Given material>
------------------------------------------------

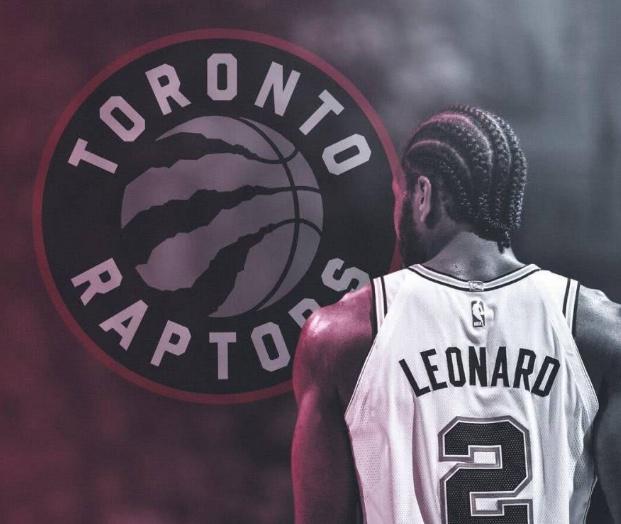 CBA：吉林队主场战胜福建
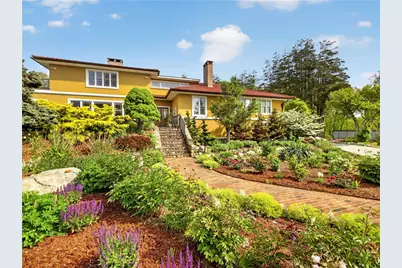 325 Post Road, Westerly, RI 02891 - Photo 7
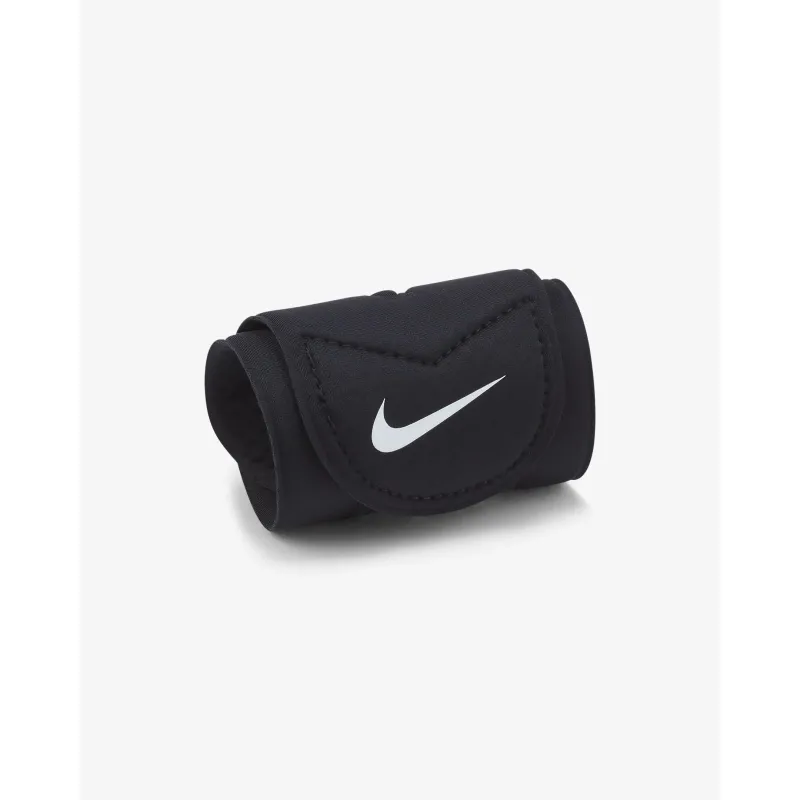 Nike Wristbands-3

------------------------------------------------

Work to complete> Everything in the data above should be set down again exactly, except the pictures.

Exercise output>
 CBA：吉林队主场战胜福建
 325 Post Road, Westerly, RI 02891 - Photo 7
 Nike Wristbands-3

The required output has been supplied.